_WORK INSTRUCTION:_ Repeat exactly the lines below that lie between the line with "Two children run on green matting" and the line with "Dos deportistas con", counting both of those lines as part of the answer.

_THE DATA:_
▬▬▬▬▬▬
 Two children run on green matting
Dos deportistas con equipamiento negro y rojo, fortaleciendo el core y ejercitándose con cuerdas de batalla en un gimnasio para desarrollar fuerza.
▬▬▬▬▬▬
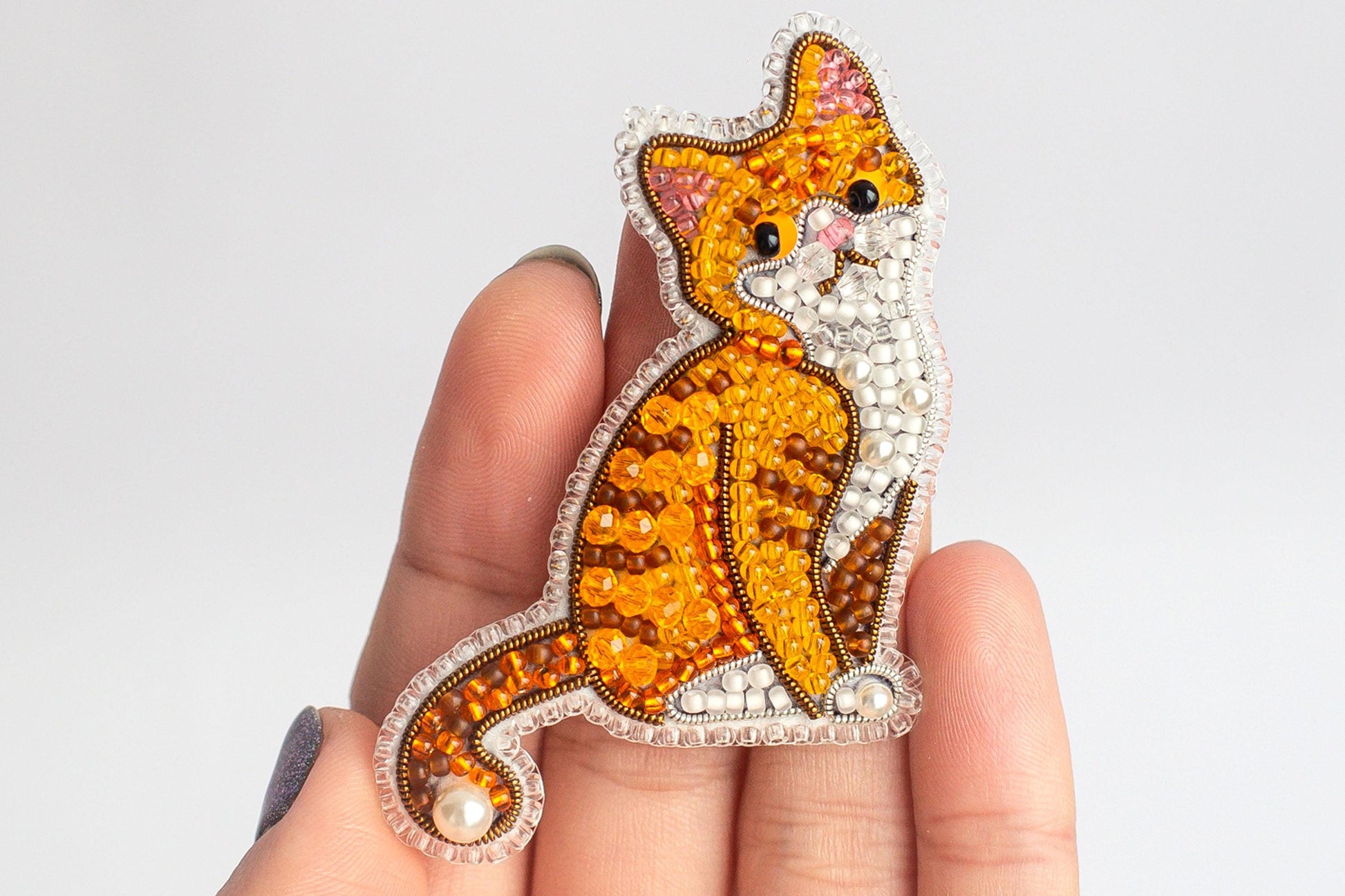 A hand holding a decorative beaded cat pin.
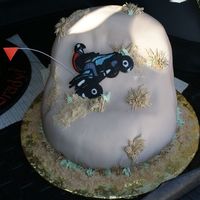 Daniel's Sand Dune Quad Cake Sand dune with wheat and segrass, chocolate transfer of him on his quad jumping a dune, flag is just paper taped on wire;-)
▬▬▬▬▬▬
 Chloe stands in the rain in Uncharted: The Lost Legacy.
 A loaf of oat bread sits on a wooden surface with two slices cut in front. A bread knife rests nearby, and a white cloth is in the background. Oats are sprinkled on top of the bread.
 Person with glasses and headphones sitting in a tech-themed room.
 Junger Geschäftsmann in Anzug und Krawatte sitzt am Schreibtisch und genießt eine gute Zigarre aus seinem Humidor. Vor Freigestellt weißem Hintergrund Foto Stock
▬▬▬▬▬▬
_EXERCISE SOLUTION:_
 Two children run on green matting
Dos deportistas con equipamiento negro y rojo, fortaleciendo el core y ejercitándose con cuerdas de batalla en un gimnasio para desarrollar fuerza.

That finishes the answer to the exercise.